Responding to Dawn queries, the CAA’s corporate manager of air traffic services said that all private builders and government organizations constructing high-rise buildings had to obtain an NOC from the CAA. He said the CAA reviewed the plans and height of the proposed buildings under the National Airfield Clearance Policy and requirements of flight safety.
He said the CAA had given an NOC to the city government’s and Malaysian company’s IT tower near the Civic Centre for the height of 182 feet only. He said the KBCA had also obtained a copy of the National Airfield Clearance Policy from the CAA. He added that the KBCA, on its own, could not give an NOC to any project and the NOC must to be issued by the CAA only after which the KBCA could approve the building plans.
He said if a building was constructed above the height allowed by the CAA, a notice was served on it and later the building was demolished. “Flight safety cannot be compromised regardless of the fact that a private builder or a government agency is constructing the building,” said CAA official Anjum Hafeez.
Answering questions by Dawn, the outgoing chief of the KBCA, Rauf Farooqui, who was in charge of the IT tower project, said that the CAA’s NOC was required only by private builders while the IT tower was a government project for which no CAA NOC was required. The KBCA had obtained a copy of the policy from the CAA and after the project plans were reviewed under the CAA policy by the KBCA, it was found that its proposed height of 600 feet was okay.

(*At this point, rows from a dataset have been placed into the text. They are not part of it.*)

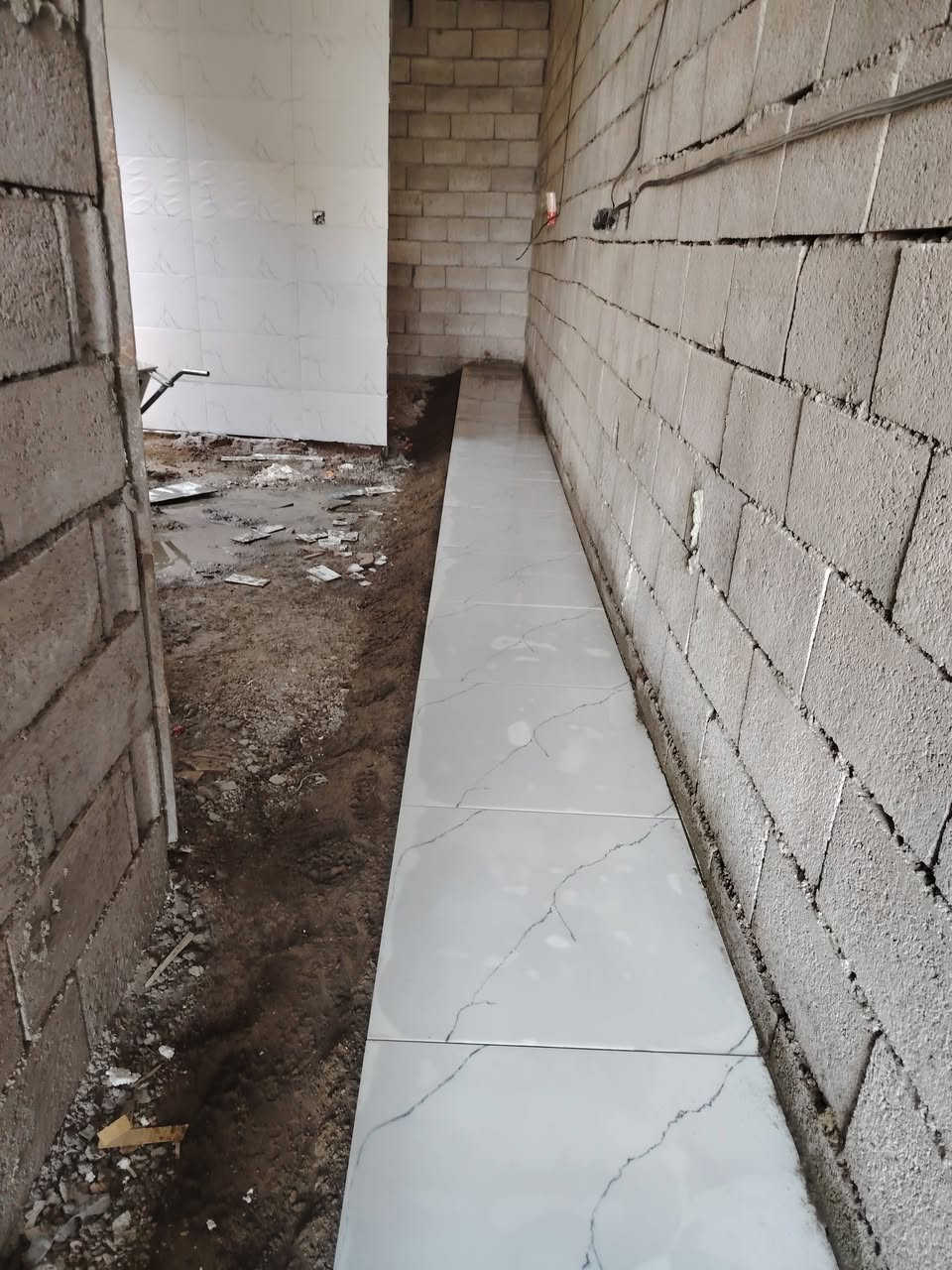 السلام عليكم اسطه سيراميك متفرق شغل درجه اوله بسعر مناسب هاذا رقم وتدلل ***********
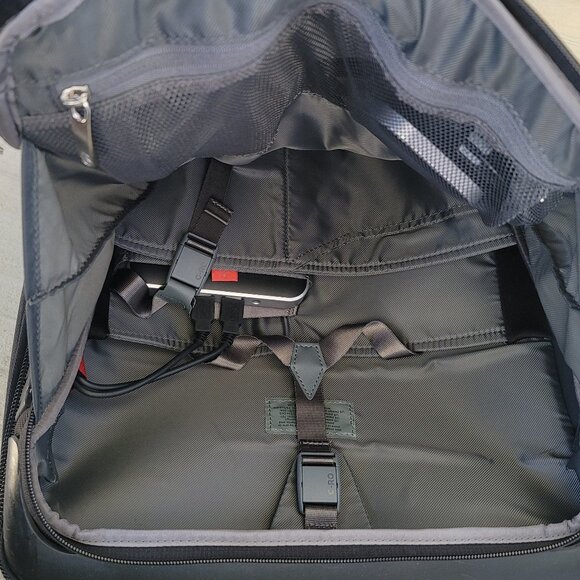 G-RO Smart Carry-On Bag 22" 2-Wheel Luggage + Battery Pack ALL BACK - Picture 10 of 16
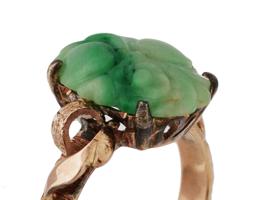 VINTAGE 14K YELLOW GOLD AND CARVED JADE RING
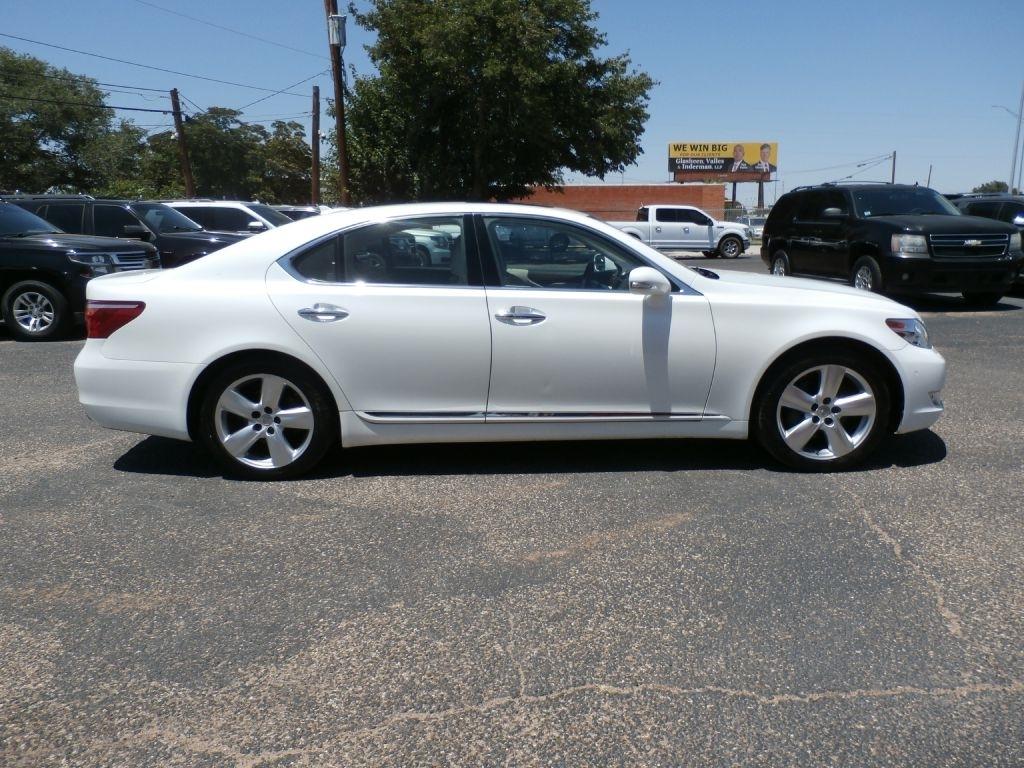 Lexus LS 460 Luxury Sedan 2011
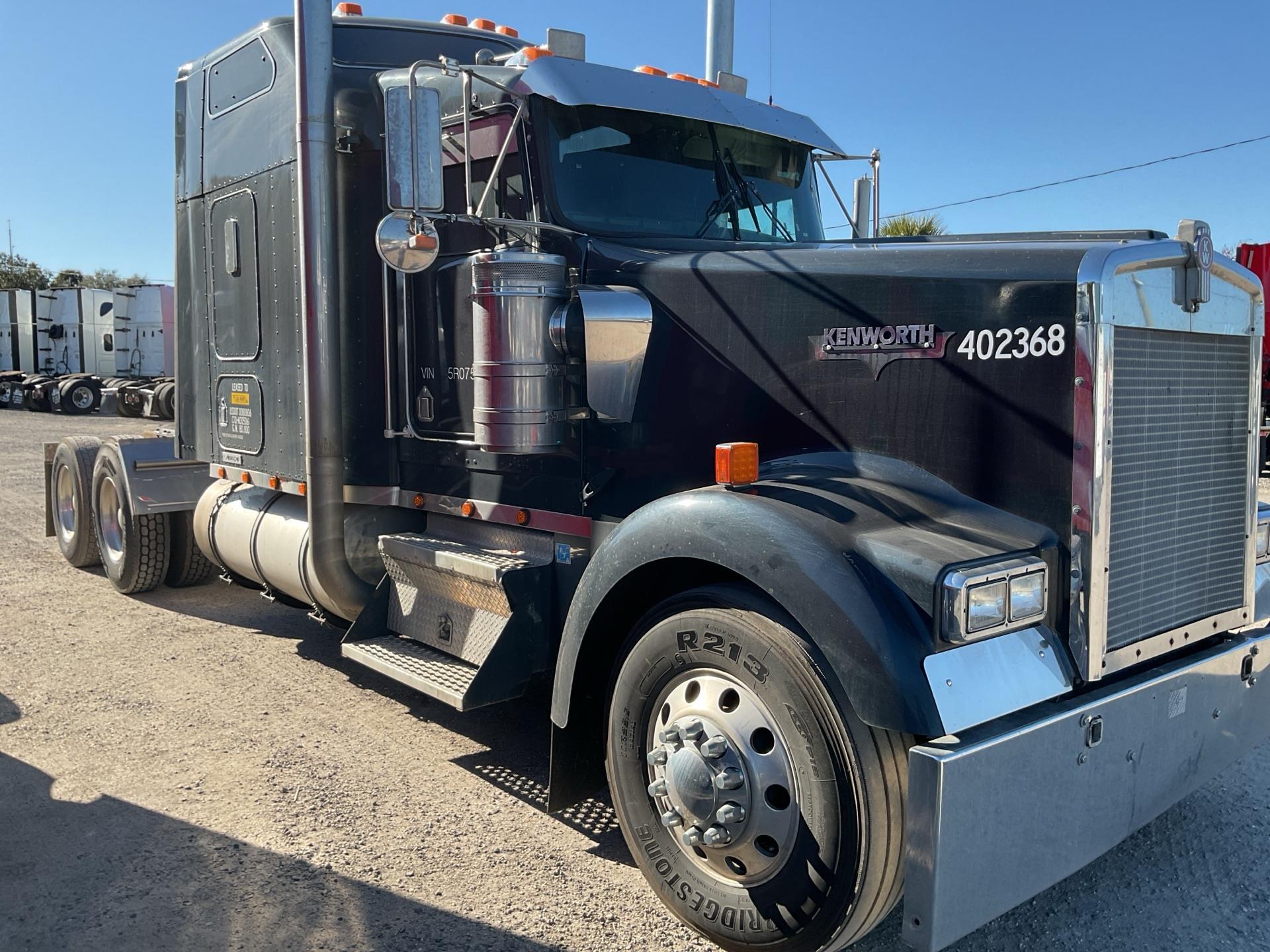 2005 Kenworth W900B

He agreed that the project had been delayed slightly, adding that the Malaysian company took longer to generate funds from the international market which took more than expected time.
Another reason was that the foreign company had three partners and one of them was an Indian national, he said, adding that the country’s security agencies expressed concern about it. So the Indian national had to be replaced and the legal matters involved took some time, the outgoing KBCA chief said.
Asked if the plans had been approved by the KBCA, he said that the plans were being prepared and would be ready soon and the work on the project would begin by June “positively” and would be completed within 30 months.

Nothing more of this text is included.